→ **PROBLEM DESCRIPTION**: Only the lines below from the one that holds "PLIGREAT 120 Pieces" through the one that holds "Long Sleeve Balloon" should appear in the answer, copied exactly, end lines included and pictures omitted.

→ **SUPPLIED DATA**:
-------------------------

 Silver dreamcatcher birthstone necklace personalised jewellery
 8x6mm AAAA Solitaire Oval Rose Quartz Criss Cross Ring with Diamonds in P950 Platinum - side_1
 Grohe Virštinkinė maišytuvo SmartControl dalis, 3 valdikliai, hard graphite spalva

-------------------------

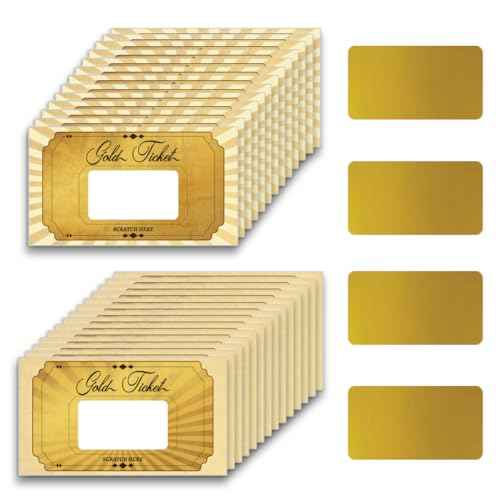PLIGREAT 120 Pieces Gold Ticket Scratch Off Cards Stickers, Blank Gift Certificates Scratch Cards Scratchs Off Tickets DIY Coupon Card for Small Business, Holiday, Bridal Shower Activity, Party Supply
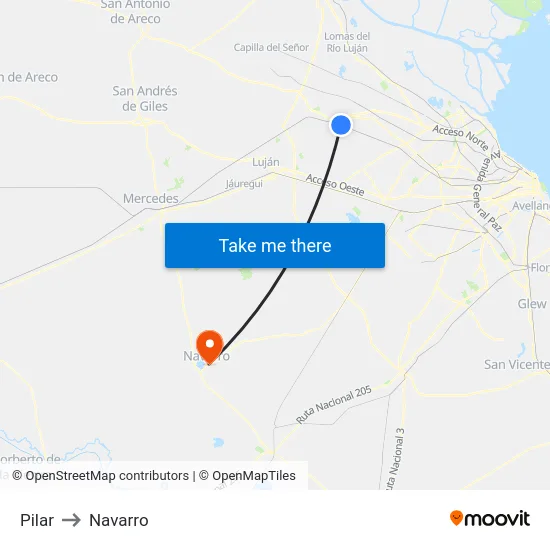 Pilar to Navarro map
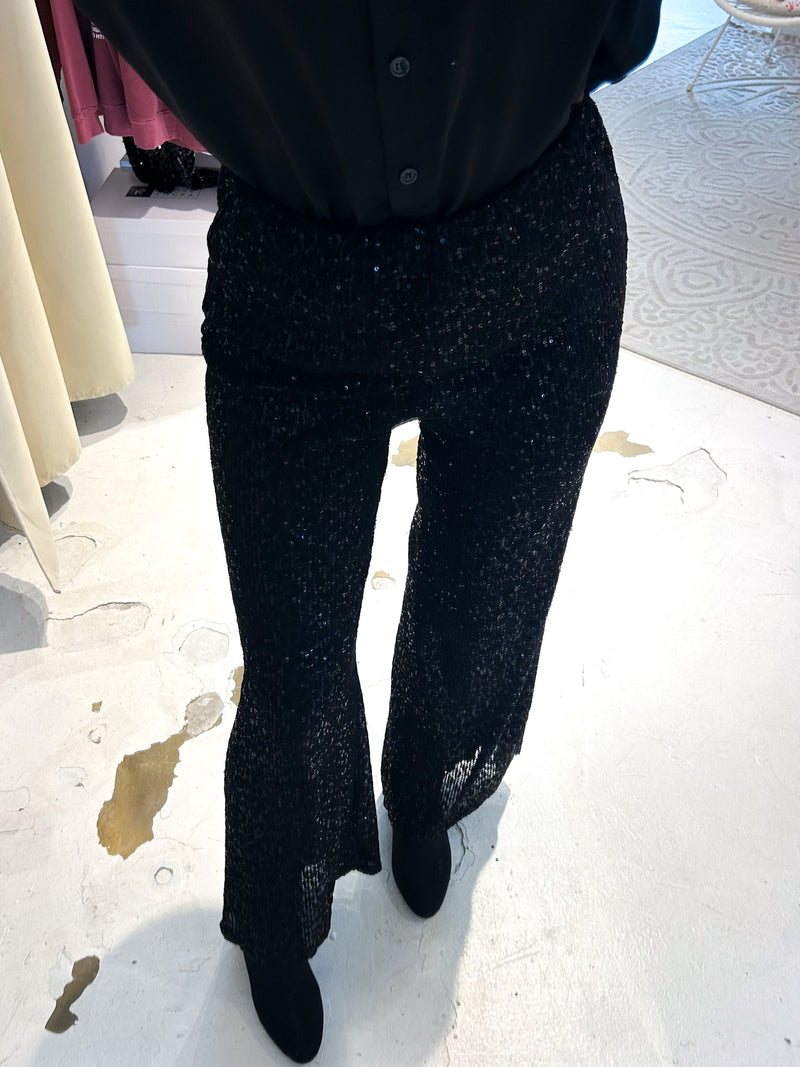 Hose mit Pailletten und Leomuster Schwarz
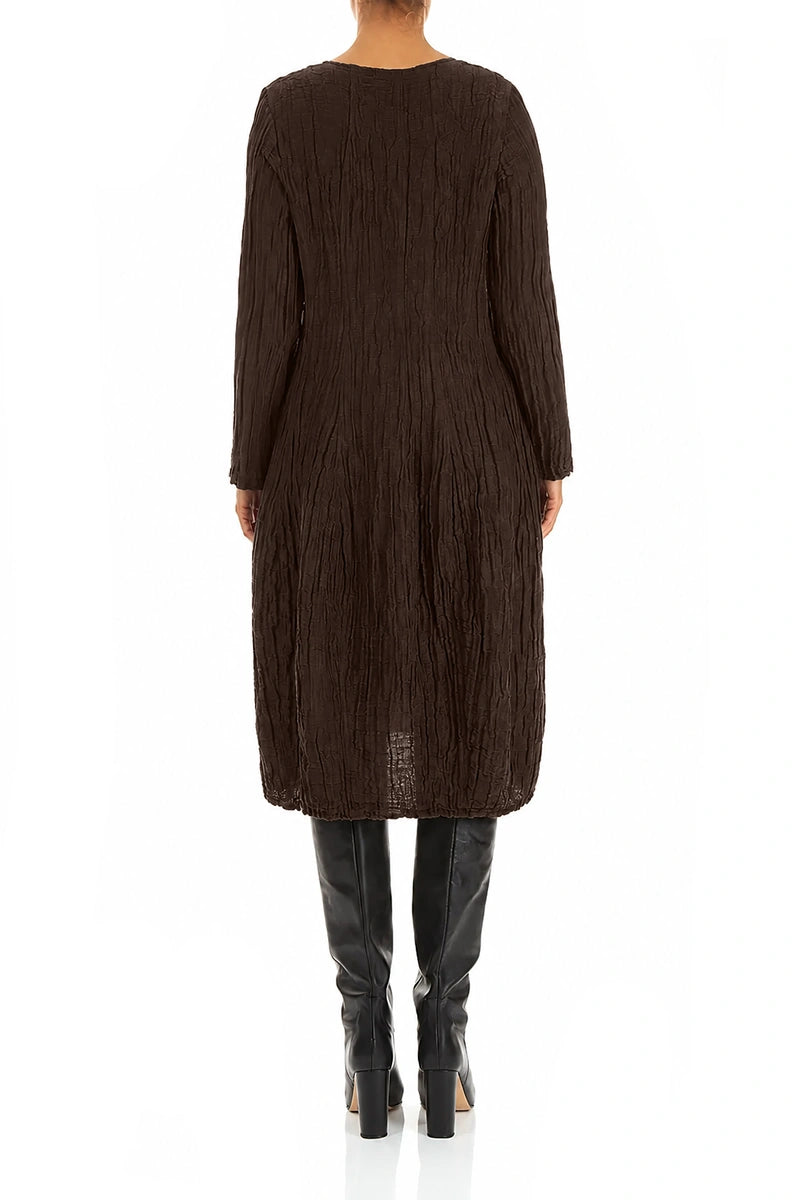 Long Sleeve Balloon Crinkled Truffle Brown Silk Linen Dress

-------------------------

→ **RESPONSE TO THE TASK**:
PLIGREAT 120 Pieces Gold Ticket Scratch Off Cards Stickers, Blank Gift Certificates Scratch Cards Scratchs Off Tickets DIY Coupon Card for Small Business, Holiday, Bridal Shower Activity, Party Supply
 Pilar to Navarro map
 Hose mit Pailletten und Leomuster Schwarz
 Long Sleeve Balloon Crinkled Truffle Brown Silk Linen Dress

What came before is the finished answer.